1927年の金融恐慌、そしてそれ以降の不景気は教員の待遇を極度に悪化させる。昇給増俸の見合わせ、旅費手当・住宅料が廃止された。そればかりか地方によっては教員が大量に「整理」(解雇)、「異動」させられる。整理を苦にして自殺する教員もあった。都市部では町会が教員の住宅手当の廃止をしたとして、保護者が反対運動を起こすこともあった。
手当の問題だけでなく、町村財政の窮迫の影響で教員の給与の支払遅滞や不払いも起きた。そうした状況であるにもかかわらず、急激な人口増加によって、都市部では教室不足と教員不足が重なり、午前と午後に80人ずつの児童を担当させられるという恐ろしい状況もあったそうだ。
「バイト」で食いつないだ戦後と令和の問題
敗戦までの教員の待遇は、このように受難続きだったと言える。明治時代からずっと教員の給与や待遇は軽視されてきたのである。それは戦後になっても長く変わらなかった。1950〜60年代、教員の生活苦を象徴する言葉として「三ト」(アルバイト・プレゼント・リベート)が広まり、これをなくそうとする「三ト追放運動」が教育界で展開された。

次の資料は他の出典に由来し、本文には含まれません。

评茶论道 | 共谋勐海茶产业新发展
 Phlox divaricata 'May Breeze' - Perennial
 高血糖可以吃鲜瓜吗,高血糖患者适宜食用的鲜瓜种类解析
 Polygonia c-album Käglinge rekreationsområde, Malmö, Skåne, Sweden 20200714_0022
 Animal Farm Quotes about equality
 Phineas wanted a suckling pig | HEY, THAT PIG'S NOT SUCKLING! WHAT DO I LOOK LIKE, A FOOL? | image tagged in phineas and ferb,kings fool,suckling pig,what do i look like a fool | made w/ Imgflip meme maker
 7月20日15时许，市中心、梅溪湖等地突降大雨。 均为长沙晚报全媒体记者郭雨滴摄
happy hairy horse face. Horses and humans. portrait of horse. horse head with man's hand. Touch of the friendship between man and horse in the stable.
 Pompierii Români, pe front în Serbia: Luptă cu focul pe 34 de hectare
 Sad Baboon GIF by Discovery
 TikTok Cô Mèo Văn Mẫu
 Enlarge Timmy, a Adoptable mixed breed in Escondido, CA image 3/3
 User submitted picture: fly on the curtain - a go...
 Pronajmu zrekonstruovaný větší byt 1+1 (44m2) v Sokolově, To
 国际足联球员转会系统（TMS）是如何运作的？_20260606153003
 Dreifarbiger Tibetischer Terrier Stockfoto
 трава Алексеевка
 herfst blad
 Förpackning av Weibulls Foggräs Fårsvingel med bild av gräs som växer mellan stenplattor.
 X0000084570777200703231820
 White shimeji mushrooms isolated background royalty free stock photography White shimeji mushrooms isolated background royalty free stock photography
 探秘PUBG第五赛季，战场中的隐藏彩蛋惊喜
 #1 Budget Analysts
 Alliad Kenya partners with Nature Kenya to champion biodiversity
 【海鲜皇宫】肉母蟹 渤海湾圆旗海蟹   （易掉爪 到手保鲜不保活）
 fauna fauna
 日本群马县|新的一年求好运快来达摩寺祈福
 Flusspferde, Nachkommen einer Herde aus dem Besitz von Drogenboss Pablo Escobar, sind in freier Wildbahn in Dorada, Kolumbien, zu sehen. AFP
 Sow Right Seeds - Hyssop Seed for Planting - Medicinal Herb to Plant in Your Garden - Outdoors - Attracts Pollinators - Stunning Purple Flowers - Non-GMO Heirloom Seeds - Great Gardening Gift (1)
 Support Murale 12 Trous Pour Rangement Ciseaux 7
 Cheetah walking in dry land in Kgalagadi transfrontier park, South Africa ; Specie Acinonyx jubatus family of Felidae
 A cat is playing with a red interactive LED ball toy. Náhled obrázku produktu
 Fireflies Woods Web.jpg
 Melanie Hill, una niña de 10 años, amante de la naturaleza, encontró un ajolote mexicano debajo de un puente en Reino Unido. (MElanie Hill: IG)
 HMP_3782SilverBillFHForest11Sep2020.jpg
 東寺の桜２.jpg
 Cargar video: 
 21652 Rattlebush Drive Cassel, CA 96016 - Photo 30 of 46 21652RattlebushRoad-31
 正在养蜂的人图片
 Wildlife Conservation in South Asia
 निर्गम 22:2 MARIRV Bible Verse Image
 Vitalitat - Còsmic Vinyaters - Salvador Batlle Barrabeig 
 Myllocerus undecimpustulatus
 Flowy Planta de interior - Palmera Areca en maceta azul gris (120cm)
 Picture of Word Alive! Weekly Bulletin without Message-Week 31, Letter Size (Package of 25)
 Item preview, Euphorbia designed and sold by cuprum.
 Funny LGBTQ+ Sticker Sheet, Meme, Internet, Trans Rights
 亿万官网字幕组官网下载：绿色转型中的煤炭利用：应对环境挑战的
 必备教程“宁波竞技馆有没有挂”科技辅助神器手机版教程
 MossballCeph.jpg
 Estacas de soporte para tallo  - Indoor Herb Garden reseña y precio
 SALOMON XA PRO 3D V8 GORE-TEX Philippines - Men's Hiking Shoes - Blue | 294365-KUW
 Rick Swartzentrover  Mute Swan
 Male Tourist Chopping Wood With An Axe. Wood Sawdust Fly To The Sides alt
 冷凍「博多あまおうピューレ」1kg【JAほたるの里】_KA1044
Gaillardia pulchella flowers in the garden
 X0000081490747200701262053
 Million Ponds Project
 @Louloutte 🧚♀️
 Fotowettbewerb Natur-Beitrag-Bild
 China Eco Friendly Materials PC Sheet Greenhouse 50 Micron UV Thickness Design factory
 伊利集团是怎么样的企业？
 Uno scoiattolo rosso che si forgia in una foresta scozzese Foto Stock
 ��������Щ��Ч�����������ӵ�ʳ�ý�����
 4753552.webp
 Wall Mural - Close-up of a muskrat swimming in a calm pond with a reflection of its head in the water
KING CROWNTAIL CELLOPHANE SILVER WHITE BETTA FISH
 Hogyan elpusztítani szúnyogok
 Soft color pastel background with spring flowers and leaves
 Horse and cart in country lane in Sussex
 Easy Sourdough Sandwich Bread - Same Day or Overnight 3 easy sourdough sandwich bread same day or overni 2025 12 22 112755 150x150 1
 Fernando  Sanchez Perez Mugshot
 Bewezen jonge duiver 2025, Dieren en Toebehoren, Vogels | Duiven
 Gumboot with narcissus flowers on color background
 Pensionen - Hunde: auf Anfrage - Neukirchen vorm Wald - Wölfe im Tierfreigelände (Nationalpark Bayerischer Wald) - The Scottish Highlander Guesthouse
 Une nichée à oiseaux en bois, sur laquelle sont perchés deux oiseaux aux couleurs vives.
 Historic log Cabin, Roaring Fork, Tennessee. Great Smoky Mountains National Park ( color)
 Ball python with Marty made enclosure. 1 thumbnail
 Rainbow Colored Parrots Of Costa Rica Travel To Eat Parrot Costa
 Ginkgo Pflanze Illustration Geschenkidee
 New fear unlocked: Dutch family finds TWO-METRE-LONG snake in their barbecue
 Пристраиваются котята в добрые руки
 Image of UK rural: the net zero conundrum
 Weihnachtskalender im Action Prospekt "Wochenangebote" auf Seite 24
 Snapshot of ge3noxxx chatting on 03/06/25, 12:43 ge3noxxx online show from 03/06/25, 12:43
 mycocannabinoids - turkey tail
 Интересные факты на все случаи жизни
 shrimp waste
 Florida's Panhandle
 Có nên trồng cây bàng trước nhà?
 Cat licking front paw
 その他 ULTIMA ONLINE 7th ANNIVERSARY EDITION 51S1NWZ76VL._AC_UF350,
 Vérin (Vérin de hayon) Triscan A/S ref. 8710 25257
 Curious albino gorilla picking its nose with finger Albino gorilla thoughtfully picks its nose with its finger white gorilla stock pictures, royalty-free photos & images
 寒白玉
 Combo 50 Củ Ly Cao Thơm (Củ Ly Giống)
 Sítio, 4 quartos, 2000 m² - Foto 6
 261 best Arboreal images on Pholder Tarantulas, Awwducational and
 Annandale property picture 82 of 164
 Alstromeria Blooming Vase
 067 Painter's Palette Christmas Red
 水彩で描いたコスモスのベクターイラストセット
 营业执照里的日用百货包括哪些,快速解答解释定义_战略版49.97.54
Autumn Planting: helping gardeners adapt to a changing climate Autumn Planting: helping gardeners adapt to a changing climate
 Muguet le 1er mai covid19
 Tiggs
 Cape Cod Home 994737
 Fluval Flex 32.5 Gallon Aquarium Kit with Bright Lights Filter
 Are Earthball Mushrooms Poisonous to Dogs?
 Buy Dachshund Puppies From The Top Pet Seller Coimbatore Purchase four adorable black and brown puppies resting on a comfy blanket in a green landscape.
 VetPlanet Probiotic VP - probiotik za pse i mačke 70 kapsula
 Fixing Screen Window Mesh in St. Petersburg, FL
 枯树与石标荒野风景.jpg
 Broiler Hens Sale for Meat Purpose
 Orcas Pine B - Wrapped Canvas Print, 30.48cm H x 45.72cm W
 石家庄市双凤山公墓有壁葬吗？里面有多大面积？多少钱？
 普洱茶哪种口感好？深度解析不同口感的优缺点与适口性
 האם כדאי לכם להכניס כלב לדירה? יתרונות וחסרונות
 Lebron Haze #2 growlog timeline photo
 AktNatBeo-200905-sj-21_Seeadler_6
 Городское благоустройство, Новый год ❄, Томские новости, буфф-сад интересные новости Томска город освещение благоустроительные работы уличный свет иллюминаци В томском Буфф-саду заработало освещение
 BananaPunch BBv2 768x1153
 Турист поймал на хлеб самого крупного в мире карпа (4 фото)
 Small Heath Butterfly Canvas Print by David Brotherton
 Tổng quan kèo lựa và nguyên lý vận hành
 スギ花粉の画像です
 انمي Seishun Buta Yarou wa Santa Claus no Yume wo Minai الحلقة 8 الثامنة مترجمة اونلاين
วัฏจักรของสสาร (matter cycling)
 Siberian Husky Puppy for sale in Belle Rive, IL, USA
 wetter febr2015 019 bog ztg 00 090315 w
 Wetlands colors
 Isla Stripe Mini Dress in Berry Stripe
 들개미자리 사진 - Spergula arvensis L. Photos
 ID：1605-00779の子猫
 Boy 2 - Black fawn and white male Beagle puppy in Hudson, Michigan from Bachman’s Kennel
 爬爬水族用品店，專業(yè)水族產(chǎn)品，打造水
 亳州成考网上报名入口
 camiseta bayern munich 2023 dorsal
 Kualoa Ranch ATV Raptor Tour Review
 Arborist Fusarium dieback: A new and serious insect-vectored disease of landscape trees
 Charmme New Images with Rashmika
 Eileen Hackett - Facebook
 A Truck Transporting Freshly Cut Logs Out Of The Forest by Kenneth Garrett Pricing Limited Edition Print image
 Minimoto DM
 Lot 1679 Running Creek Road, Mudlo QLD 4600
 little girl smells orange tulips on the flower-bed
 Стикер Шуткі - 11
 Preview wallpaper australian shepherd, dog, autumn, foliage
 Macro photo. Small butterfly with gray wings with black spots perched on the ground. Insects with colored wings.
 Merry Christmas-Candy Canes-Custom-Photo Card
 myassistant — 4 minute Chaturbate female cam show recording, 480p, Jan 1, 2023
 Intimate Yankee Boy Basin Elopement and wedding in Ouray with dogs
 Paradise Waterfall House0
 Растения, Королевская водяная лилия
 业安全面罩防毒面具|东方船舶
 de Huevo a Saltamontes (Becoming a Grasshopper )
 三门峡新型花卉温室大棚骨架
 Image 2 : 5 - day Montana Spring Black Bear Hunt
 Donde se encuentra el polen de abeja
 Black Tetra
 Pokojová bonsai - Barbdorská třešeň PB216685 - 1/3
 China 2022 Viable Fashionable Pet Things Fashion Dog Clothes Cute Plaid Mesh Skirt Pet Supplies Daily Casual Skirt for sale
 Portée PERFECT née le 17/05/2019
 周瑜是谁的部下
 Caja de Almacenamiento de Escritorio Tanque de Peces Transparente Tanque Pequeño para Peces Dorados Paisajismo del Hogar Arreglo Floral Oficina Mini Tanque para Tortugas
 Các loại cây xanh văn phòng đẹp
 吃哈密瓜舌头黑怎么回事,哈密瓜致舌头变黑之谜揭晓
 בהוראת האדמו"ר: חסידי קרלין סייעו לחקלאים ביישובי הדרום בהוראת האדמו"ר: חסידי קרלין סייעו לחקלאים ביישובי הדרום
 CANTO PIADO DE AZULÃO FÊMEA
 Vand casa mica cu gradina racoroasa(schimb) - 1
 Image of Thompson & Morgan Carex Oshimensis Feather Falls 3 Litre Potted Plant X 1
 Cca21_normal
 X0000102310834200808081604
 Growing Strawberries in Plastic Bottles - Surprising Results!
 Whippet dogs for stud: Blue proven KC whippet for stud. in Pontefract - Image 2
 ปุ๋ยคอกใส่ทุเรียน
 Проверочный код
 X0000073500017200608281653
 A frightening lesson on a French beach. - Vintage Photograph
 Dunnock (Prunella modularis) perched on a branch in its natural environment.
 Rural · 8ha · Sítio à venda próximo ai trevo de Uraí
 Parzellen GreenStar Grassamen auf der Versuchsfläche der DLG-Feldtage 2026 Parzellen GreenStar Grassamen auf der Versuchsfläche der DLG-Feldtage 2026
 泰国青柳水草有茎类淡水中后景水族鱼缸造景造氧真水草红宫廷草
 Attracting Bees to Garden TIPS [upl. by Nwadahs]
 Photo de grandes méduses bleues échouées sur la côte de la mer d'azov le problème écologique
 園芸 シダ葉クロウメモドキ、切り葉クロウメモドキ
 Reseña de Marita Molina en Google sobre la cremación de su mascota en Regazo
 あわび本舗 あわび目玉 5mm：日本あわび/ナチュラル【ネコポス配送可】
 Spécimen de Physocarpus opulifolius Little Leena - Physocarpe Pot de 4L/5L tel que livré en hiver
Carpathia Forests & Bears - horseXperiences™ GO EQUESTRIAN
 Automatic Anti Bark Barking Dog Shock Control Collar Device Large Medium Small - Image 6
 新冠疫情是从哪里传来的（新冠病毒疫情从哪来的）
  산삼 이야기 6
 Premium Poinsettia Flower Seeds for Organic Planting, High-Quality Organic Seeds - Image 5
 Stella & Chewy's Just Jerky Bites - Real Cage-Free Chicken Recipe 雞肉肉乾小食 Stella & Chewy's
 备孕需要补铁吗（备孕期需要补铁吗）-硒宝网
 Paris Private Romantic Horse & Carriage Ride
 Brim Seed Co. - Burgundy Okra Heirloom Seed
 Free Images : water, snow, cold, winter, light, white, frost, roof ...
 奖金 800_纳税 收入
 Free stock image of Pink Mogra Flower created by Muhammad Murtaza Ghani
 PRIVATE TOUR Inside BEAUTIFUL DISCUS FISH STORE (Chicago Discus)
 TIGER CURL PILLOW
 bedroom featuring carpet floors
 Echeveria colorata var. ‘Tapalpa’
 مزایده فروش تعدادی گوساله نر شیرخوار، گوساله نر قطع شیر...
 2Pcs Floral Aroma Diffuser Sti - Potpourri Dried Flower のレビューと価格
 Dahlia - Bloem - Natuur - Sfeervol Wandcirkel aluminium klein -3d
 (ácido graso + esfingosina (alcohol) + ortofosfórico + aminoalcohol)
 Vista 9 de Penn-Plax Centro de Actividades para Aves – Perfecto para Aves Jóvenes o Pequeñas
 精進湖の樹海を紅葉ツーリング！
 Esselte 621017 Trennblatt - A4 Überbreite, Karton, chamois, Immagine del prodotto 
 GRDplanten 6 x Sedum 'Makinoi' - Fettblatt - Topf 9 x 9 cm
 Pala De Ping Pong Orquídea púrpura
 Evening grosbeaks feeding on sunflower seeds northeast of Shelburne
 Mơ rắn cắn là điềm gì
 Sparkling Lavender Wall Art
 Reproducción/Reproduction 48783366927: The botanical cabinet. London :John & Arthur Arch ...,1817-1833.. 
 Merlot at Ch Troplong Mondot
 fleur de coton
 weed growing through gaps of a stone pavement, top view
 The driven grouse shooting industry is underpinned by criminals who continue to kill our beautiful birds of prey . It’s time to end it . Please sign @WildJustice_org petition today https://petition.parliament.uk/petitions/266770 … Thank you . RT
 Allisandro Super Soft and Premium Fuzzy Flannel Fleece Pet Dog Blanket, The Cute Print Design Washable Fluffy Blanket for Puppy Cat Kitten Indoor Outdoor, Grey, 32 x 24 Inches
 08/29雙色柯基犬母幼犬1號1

給与だけでは暮らしていけず、教師は夜に家庭教師(アルバイト)をしたり、生徒に特別に授業をして保護者からプレゼントをもらったり、教科書業者からリベート(キックバック)を受け取ったりすることが常態化していたのである。
冒頭に記した給特法は1971年に成立した。休日勤務手当や時間外勤務手当などを支給しない代わりに給料月額の4%を教職調整額として支払うものだが、これにより、教員の給与が公務員一般よりも少しよくなり、前述の「三ト」から抜け出せたと言われている。